The Development, Climate, and Nature Crisis

The Development, Climate, and Nature Crisis

The world is facing a triple crisis—in development, climate, and nature— and climate action is off track. Poor governance, limited access to finance, and political economy barriers are slowing down progress. Countries are not reducing emissions or building resilience fast enough, which is putting development achievements at risk. But beyond these grim headlines, there are increasingly clear opportunities to achieve development and climate double wins and there is a better understanding of the challenges that can turn these opportunities into trade-offs. That’s what the World Bank’s Country Climate and Development Reports (CCDRs) intend to capture: identifying opportunities for each country and priorities for investments and reforms.

The CCDRs published so far, covering 42 economies, highlight how development and resilience can be mutually reinforcing, with development contributing to resilience, and resilience safeguarding development gains from increasingly frequent crises. They also show that countries are not capturing readily available opportunities to adapt to climate change and improve people’s lives, health, and safety by building more resilient economies. CCDRs identify many adaptation interventions with high economic and social returns. However, even these interventions cannot prevent all risks and impacts from climate change, and an acceleration of global GHG emission reductions is an imperative.

Fortunately, there are many synergies between GHG emission reductions, development, and resilience, ranging from higher energy efficiency, low-cost renewable energy, reduced methane emissions, better air quality and less congested cities. Thanks to those, CCDRs find that low-emission development can foster similar—or even faster—economic growth and poverty reduction as current development pathways. But this requires a supportive enabling environment and macroeconomic context, welldesigned policies, management of negative impacts in some sectors, communities, and regions, and stronger financial and technical support from the international community.

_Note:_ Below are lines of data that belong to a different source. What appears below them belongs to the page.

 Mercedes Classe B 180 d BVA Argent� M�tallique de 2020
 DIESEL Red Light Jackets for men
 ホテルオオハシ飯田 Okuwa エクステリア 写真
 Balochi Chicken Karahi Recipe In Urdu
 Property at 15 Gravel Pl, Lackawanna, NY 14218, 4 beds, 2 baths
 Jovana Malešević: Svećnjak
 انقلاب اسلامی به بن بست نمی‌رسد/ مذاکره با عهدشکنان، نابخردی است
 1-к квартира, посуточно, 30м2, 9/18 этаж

Resilient low-emission development requires large investments, with annual incremental needs in developing countries estimated at 0.4–10 percent of GDP, with larger needs in lower-income countries. The private sector has a key role to play in meeting these investment needs, and can also deliver innovation, faster technology adoption, and new business models. To incentivize private sector involvement, countries need to develop an appropriate legal and institutional framework and provide adequate concessional resources to mitigate credit, foreign exchange, or market risks when it is needed.

Recently published CCDRs in the major global forest basins, covering 56 percent of the world’s tropical forests, show that addressing forest loss, boosting carbon sequestration, and working with nature are vital to achieve global climate change and development objectives. Action on land use in seven CCDR countries alone could increase forest cover by 63 million hectares compared with a business as usual. This would reduce global annual GHG emissions by 2.7 gigatonnes of carbon dioxide equivalent by 2050, representing almost 6 percent of today’s emissions. But there are economic, distributional, and political challenges to achieving this, and success requires action to be thoughtfully positioned within wider development efforts for forested areas, combined with action on agriculture and the rest of the economy, and supported by international payments for the ecosystem services forests provide globally.

Capturing the opportunities identified in CCDRs will not be easy. A just transition toward resilient, lowemission development requires improved governance and better spending efficiency. CCDRs identify opportunities for countries to strengthen their legal, institutional, and regulatory framework and ensure they spend existing resources better, including by repurposing energy, water, and agriculture subsidies, and through trade policy reforms.

CCDRs offer a rich layer of climate-informed analysis to boost our engagements with governments, and public and private stakeholders. They help select priorities for country action, the World Bank portfolio and potential financing. And they contribute foundational knowledge to global debates on how to align climate and development, providing substantive guidance to delivering a world free of poverty on a livable planet.